You’re the on-call ML scientist for NorthBridge Health, a 12-hospital network (≈3.5M ED + inpatient encounters/year). The organization deployed a sepsis early warning model into the EHR to help clinicians identify patients at risk of developing sepsis within the next 12 hours. The model runs every 30 minutes for admitted patients and produces a risk score (0–1). If the score exceeds a threshold, the EHR triggers an alert to the bedside nurse and the covering physician.
The model was trained on 24 months of retrospective data (≈1.8M admissions). Labels were derived from a Sepsis-3 proxy: suspected infection + organ dysfunction within a time window.

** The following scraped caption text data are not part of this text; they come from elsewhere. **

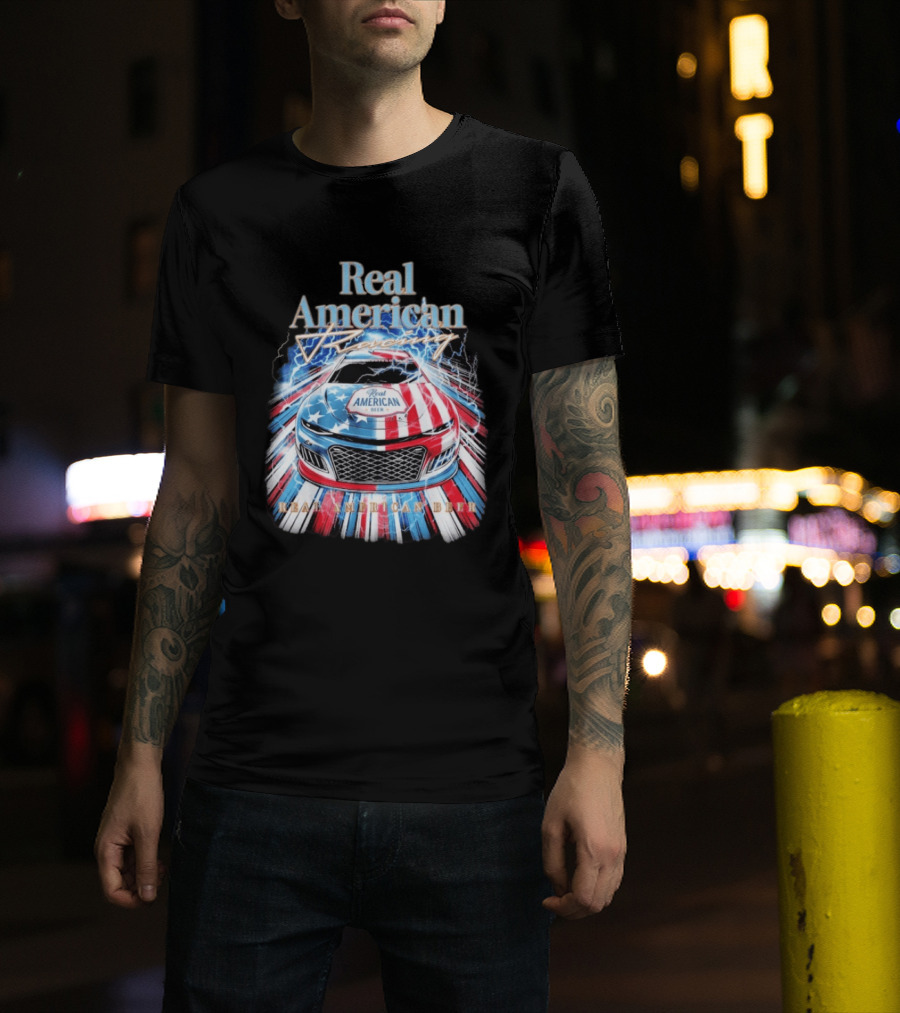 Real American Beer Racing Car With Stars And Stripes T-Shirt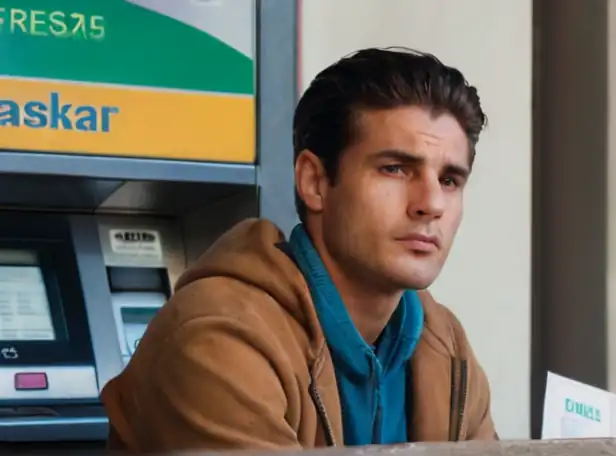 A person sitting at a cash machine with a concerned expression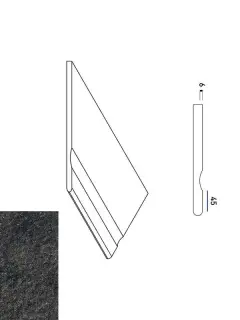 Керамогранит 620090000666 Бортик Рум Блэк левый с выемкой закругленный Х2 30х60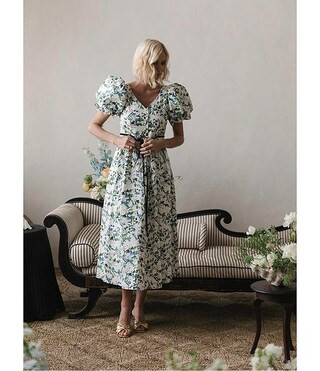 x Jennifer Sumko Rebecca Tie Waist Short Puffed Sleeve V-Neck Midi Dress | Dillard's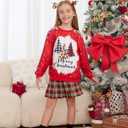 PATPAT Girls Sweatshirts Size 5-14 Years Graphic Pullover Long Sleeve Crewneck Shirt Cute Cartoon Casual Clothes for Girls (Red)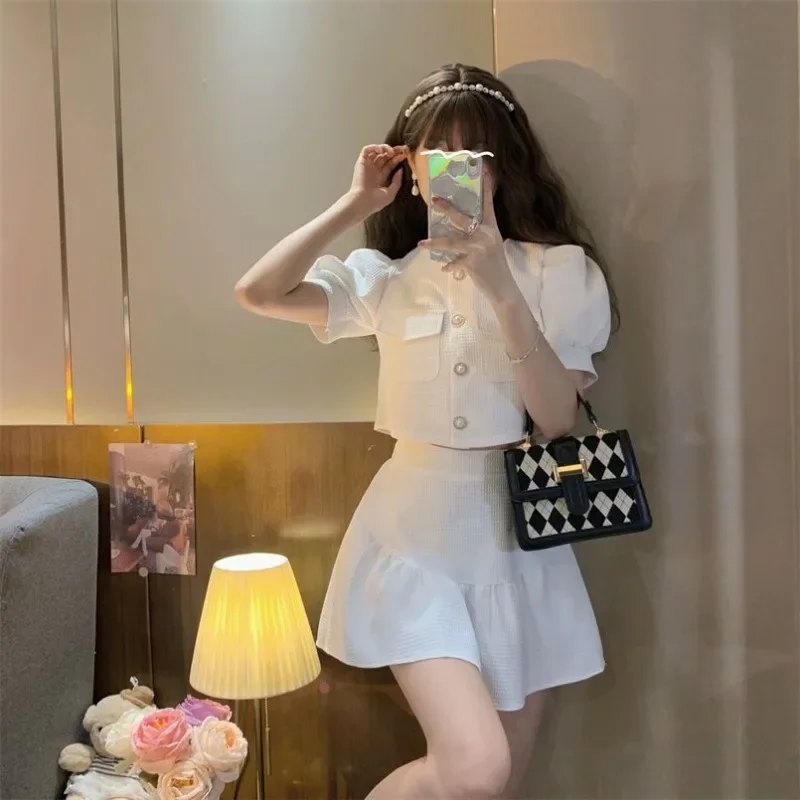 Kawaii комплекты из 2 предметов с юбкой для женщин, новинка в том же стиле, летняя мода, одинаковые функции 2025 года, женский наряд для официальных мероприятий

The model is a gradient-boosted tree ensemble using vitals, labs, demographics, comorbidities, and limited text-derived features (problem list and triage note keywords). Deployment began 10 weeks ago.
NorthBridge’s CMIO reports: “The model looks great in validation, but alerts don’t match what we see clinically. We’re getting too many alerts on stable patients, and we missed several patients who later required ICU transfer for sepsis.” Clinicians are losing trust, and the hospital is considering disabling alerts.
| Metric | Offline Test (held-out retrospective) | Live (prospective, adjudicated sample) |
|---|---|---|
| AUC-ROC | 0.91 | 0.86 |
| AUPRC | 0.34 | 0.18 |
| Sensitivity (Recall) @ current threshold | 0.78 | 0.52 |
| Precision (PPV) @ current threshold | 0.22 | 0.11 |
| Specificity @ current threshold | 0.93 | 0.90 |
| Brier score (calibration) | 0.072 | 0.118 |
| % of patients alerted at least once | 7.5% | 12.8% |
| Median lead time (TPs only) | 5.1 hours | 2.0 hours |
The model’s predictions are not aligning with clinical outcomes: it fires frequently on patients who do not deteriorate, and it misses some patients who do. You need to diagnose whether this is primarily a metric/threshold issue, label/definition mismatch, calibration drift, data leakage in offline evaluation, distribution shift, or workflow/measurement artifacts.